You could take that one step farther and also eliminate the synchronous boost regulator. The old-school cheapo unregulated LED flashlight circuit shown below could be regulated by varying the DC bias into transistor M6 via the MCU D>A or PWM output pin. No need for a schottky diode so long as your inductance is large and so efficiency is very high. You'd need to sample the flyback frequency and battery voltage to determine actual LED current.The flyback frequency is linked to the hFE of the transistor which varies with operating temperature. hFE of course determines the peak inductor current in each cycle. I know it's not practical due to physical inductor size, but it's an interesting concept which would work for up to 300 lumens or so.

Hey, the drawing you see below is a base-64 encoded image stored directly within this post, so it will still be here a hundred years from now ;o)

Why not just make a buck-boost-linear-fet-dd driver with built in microwave?

a DIY kit for driver flashing

I like the microwave idea …

Jokers….
Once you have a simple low-power buck driver, adding a FET-based linear driver is a matter of like 20 extra components, mostly passives. That’s not a small change. Adds some board space, but not terribly a lot - LD4 is single-sided 17 mm and these components take about half of its board space. May require use of a MCU with more pins than the old SOIC8 ATTinys have. For that effort the payback is much higher regulated output as well as longer regulation.
Once you’re there adding unregulated mode costs nothing and pushes the peak further up.
And then adding a resistor cheap and reduces moonlight to ultra-low level.

Overall: Complex. Expensive. Unlikely to fit on a double-sided 17mm driver. But:

  • peak power is top notch
  • peak regulated power is top notch
  • bottom power is top notch
  • efficiency is top notch

W/out the buck driver, the points 1,2,3 would look the same in a simpler, smaller and cheaper driver. But efficiency at low modes won’t be top notch. So I view that as the high-end choice for 1S 3V lights where it’s not too large….which is quite a lot of lights.

Did he mean WiFi?

The following is of course just an opinion. Take it, build upon it or leave it.

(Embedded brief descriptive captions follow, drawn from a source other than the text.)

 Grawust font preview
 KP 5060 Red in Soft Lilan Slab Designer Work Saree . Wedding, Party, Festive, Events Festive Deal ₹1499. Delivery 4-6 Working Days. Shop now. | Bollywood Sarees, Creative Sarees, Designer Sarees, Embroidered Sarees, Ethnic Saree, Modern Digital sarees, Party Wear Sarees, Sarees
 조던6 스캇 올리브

Lots of people here are keen with the MOSFET driver idea. Such idea is not a fit for everyone or any case. It is unregulated and overall limited, and requires careful assessment of all components as there's chance to make the emitter operate with too much current (past optimal zones) or even fry it. Of course I can understand the people here aims for hybrid drivers, but this would require for the driver to know when to switch operating modes… ( ͡° ͜ʖ ͡°)

As far as I understand the MOSFET thing is clearly superseded with a proper linear design, a MOSFET linear design like led4power designs or the LD-25 (reviews: there and here). I also gets rid of PWM annoyances.

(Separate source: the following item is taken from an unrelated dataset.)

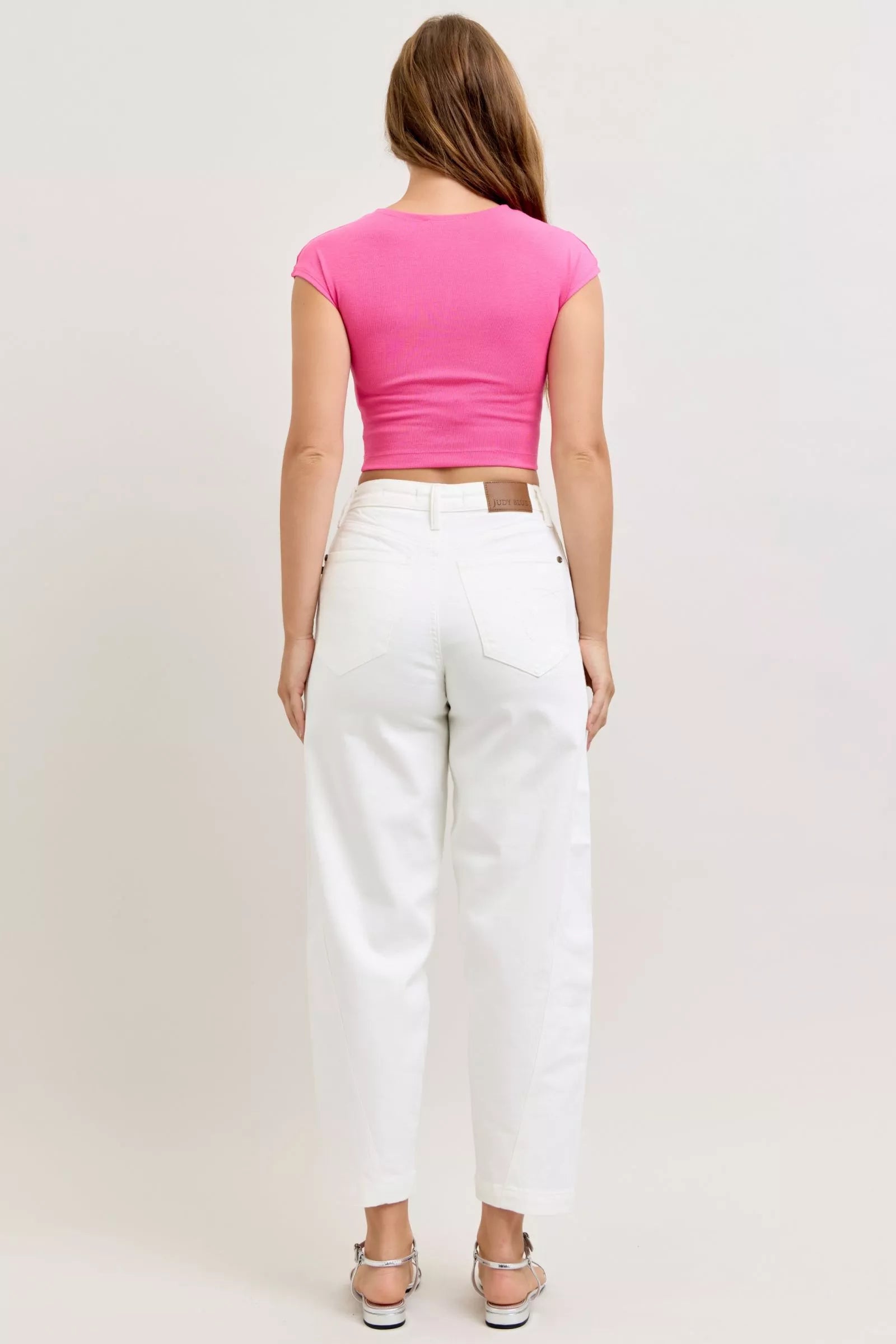 Judy Blue High-Waisted Rigid Magic Panel Barrel Jeans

A proper linear design uses a suitable MOSFET and a current sense element. Selecting a proper tiny value current sense element is key, notice how the latest LD-25 does with just 10mΩ. This is key for high power output. Since dissipated power at the sense element is P = I² × R even smaller values may be due.

Anyway, I'd say the best option is a buck boost design. If you really like to go nuts and “fry” your emitters, oversizing the components and removal of the whole constant current logic could be done for regulated drivers, and leave you selecting desired output voltages for the different modes through some way like adjusting current in LD-25s (a constant voltage supply).

Cheers ^:)

It seems there’s some work on updi in avrdude:
https://github.com/facchinm/avrdude/search?p=1&q=updi&unscoped_q=updi
I see on avrdude that some people are using it though I fail to understand the details.

Maybe missing PIC microcontrollers' love: programmers, people making ports of existing code for other chips and such.

Plenty of PIC micros in many drivers.

Regarding software names, calling software Anduril or Narsil just sounds @#$% to me. I prefer descriptive and senseful terminology, plus detailed version numbers.

Are there any 15mm drivers with Anduril installed?

There are some TA 15mm designs that could have anduril flashed to them.

Lexel most likely offers them pre-made as well.